Thursday, March 23, 2006

New Math - Iraq, Terrorism, al-Qaeda and Computers

An interesting bit of math occurred to me today during a discussion regarding Big Brother, the Orwellian name for a government who watche sand attempts to control actions and even thoughts.

By typing in any or all of the words in my tagline title into a search, or into an email, or into a discussion forum, or even a blog you might trigger a government computer to log it into the memory. But there's a problem with the paranoia regarding this. While I won't suggest that they're aren't such computers; there are, and they should be there. What I do suggest is that a simple search of this nature will likely not land you in Room 101.

Let me explain.

No, wait, there is too much. Let me sum up.

Worldwide there are over 1 billion internet users daily. I, personally, will run four or five searches each day, with any number of refinements or sub-searches just to find the information or item I'm looking for (usually jewelry for my wife). For the sake of simplicity, let's say that half the people on the internet are actively searching for something via a Google or similar search (I guess the other half are looking at porn/myspace or blogging).

So 500 million people logging in each day to use it for something other than blasting movies.

From that, let's say that they run, as I do, an average of 4 major searches each day (we'll reject any refinements or subsequent searches for the sake of brevity). That's about 20 billion-with-a-B searches. Now, my searches are generally for topics I'm writing about, or interests that I have. For instance, on Monday, I spent an hour searching for the second edition (I already own the original release) of The Crow graphic novels released by Tundra. I used words like "death", "tundra", "crow" "pain & fear" "irony & dispair", etc. These were parts of the titles of the graphic novels. However, some of these words are likely on so-called "watch lists". That's one out of four of my searches.

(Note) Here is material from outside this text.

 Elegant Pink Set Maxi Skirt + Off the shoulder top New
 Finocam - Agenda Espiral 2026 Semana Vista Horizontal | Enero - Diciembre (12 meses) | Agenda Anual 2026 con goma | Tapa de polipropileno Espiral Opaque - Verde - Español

But again, for the sake of brevity, let's consider that our 500 million people who are not looking for Jenna Jameson, run their 20 billion daily searches and only hit some of these "watch list" words one time in 100.

One percent of the time, an individual hits one of those words on the watch list.

That's 200 million searches that are now logged away by some vast government computer.

Daily.

Now then, we have 200 million searches that may or may not have anything to do with terrorism, national security or, alternately, pornography (bang, explosion, and penetration being part of favorite search/site names all over).

Further consider, now, a computer program can probably sort through the majority of these and discard, let's say, 90 percent of the more mundane. Leaving a mere 20 million user searches.

Daily.

I'm not going to go into inter-agency or multi-national information sharing and whatnot to complicate things. Suffice to say say that we have 20 million daily searches that would like have to be gone through by a dedicated staff. Of our figure of 20 million, we could probably again say that 90 percent could be rejected out of hand, at a first glance, leaving a mere 2 million user searches that might need some follow up work done.

Now the FBI employs about 30,000 men and women, half of which are support personnel. If all 15,000 of these individuals were given the task of reviewing the 2 million user searches each day that required follow up, that would mean each employee of the FBI would have to review 133 searches each and every day.

Including weekends, and we know the government pays overtime.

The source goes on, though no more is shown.